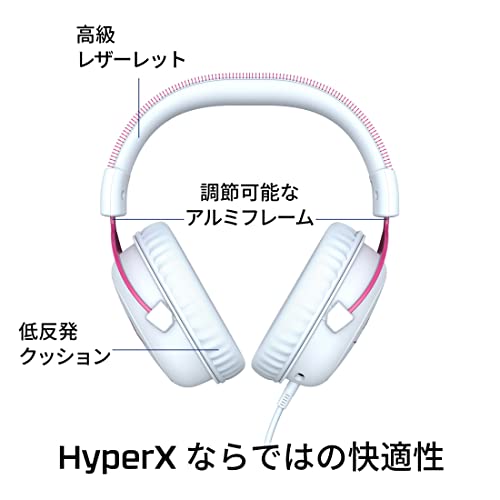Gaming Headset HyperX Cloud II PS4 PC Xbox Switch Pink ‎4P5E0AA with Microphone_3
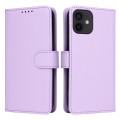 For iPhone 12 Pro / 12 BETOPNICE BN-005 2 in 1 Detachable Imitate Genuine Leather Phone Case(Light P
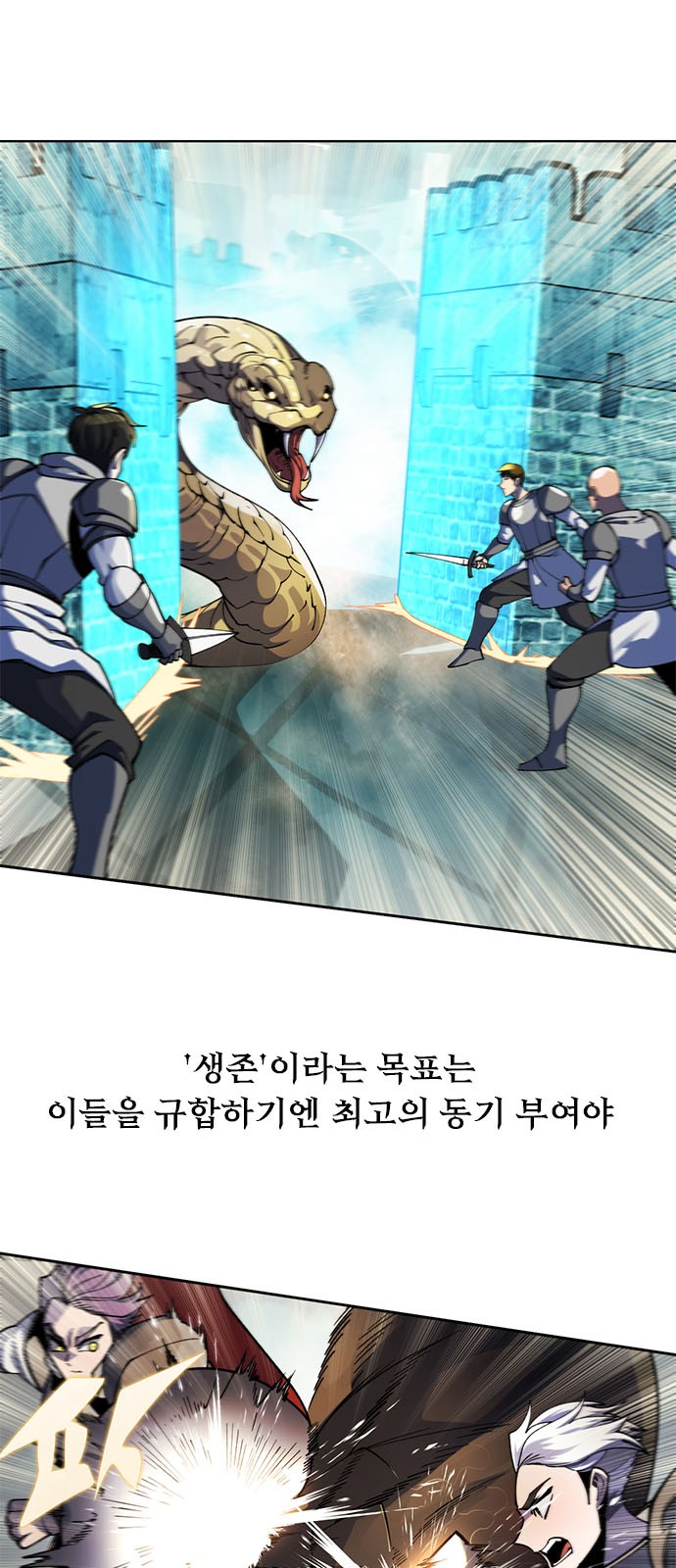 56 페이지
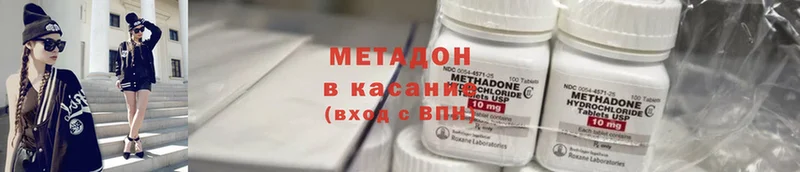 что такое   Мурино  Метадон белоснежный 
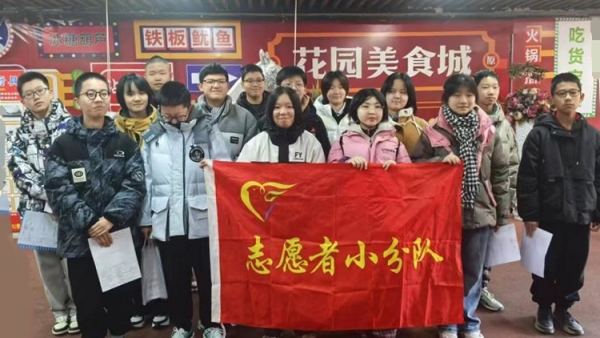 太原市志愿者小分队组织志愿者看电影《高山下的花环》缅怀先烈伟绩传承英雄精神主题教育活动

^^^^

:: Exercise objective ::
Print every record above exactly, with no pictures.

:: Answer ::
Gaming Headset HyperX Cloud II PS4 PC Xbox Switch Pink ‎4P5E0AA with Microphone_3
 For iPhone 12 Pro / 12 BETOPNICE BN-005 2 in 1 Detachable Imitate Genuine Leather Phone Case(Light P
 56 페이지
 что такое   Мурино  Метадон белоснежный 
 太原市志愿者小分队组织志愿者看电影《高山下的花环》缅怀先烈伟绩传承英雄精神主题教育活动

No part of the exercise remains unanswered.